PAYE operation: international employments: employers ‘presence in UK’
Arrivals in the UK
One of the deciding factors on the operation of PAYE is whether the employer who makes the payment on account of wages or salary has a tax presence in the UK. The decision in Oceanic 56 TC 183 makes it clear that there is a territorial limitation to PAYE which restricts it to cases where the employer has a ‘tax presence’ here.
For PAYE compliance purposes, it does not matter whether any corporation tax liability actually arises on the UK presence of the employer. It is sufficient that a tax presence exists.
HMRC regards a branch or agency in the UK, or a UK representative office, as establishing a tax presence.
However, we would not regard an overseas employer as having a tax presence in the UK simply because there are employees in the UK. For example, an overseas concern may employ sales staff in the UK who simply travel around from their private residences to seek orders. We would not say that there was an employer tax presence at the private address. An overseas employer may also use professional services in the UK, for example banking or legal services. Again, we would not say that this was a tax presence in the UK.
For there to be a tax presence, we need to show there is something in the UK similar to a branch or agency, office or establishment.
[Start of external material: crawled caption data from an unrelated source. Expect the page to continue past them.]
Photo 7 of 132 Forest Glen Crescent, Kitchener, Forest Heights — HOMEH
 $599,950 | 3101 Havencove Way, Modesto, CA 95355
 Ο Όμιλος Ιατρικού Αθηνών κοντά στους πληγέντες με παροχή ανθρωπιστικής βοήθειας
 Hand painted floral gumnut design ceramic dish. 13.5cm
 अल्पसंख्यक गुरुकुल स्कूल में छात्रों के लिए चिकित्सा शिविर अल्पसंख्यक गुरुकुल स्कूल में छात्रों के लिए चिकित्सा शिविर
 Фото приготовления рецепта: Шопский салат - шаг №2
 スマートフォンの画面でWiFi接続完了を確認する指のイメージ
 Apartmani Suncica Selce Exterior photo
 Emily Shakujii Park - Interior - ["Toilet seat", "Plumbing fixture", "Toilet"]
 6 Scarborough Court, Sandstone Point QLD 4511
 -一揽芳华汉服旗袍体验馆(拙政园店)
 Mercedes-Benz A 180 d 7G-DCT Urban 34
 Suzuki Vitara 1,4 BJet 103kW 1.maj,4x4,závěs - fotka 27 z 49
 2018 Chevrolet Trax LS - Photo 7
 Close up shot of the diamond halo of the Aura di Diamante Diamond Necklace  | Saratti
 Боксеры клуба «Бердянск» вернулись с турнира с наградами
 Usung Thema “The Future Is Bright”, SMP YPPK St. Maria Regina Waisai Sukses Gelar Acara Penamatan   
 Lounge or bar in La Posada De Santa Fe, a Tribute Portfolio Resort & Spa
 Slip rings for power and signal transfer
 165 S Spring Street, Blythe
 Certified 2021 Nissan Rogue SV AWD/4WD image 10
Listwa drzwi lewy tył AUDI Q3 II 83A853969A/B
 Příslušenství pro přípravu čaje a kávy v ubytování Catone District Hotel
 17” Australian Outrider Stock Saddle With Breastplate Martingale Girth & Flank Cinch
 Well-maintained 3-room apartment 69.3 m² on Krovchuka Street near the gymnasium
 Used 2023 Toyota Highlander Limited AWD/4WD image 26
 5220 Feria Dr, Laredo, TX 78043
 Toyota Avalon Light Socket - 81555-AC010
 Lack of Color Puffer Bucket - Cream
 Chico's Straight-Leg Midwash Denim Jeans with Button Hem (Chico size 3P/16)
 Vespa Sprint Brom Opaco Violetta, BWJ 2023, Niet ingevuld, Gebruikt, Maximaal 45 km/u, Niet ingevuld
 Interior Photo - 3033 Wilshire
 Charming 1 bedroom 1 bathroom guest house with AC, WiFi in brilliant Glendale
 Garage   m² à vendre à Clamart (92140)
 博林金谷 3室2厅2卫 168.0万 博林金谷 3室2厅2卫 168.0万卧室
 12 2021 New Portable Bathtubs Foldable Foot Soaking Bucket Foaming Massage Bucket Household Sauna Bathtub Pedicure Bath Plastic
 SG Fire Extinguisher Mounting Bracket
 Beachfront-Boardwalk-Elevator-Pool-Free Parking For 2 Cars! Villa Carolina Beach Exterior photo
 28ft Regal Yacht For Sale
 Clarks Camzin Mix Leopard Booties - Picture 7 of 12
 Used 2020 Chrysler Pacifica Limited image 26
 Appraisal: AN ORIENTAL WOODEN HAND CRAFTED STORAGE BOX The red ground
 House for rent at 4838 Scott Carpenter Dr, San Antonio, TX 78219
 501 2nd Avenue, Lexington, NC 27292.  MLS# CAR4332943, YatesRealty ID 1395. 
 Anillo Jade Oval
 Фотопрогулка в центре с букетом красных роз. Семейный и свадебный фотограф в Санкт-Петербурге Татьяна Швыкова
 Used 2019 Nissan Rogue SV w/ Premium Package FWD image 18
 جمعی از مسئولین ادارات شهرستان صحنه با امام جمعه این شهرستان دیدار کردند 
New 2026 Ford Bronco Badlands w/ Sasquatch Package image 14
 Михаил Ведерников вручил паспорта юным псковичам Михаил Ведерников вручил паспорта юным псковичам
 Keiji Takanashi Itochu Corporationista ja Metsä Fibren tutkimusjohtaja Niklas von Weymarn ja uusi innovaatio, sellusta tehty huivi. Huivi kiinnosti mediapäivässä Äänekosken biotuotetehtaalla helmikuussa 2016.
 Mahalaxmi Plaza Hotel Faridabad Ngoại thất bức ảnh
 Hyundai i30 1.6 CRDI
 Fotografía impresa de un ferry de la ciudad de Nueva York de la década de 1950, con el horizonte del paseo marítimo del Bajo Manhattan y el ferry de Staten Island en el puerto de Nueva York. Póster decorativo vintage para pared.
Essentially, we need a UK address where we can contact the employer, send PAYE literature and, if necessary, enforce compliance.
Cases where doubt exists as to whether PAYE is appropriate should be referred to Personal Tax Customer, Product & Process, PAYE Technical, Shipley, for advice before it is agreed that Direct Collection procedures can be applied.
Once we can show a tax presence, we can look to that presence to operate PAYE even if payments to employees in the UK are not made from the UK. For example, even if the UK employees of a UK branch or agency are paid by a part of the organisation outside the UK, we would still require the branch to operate PAYE.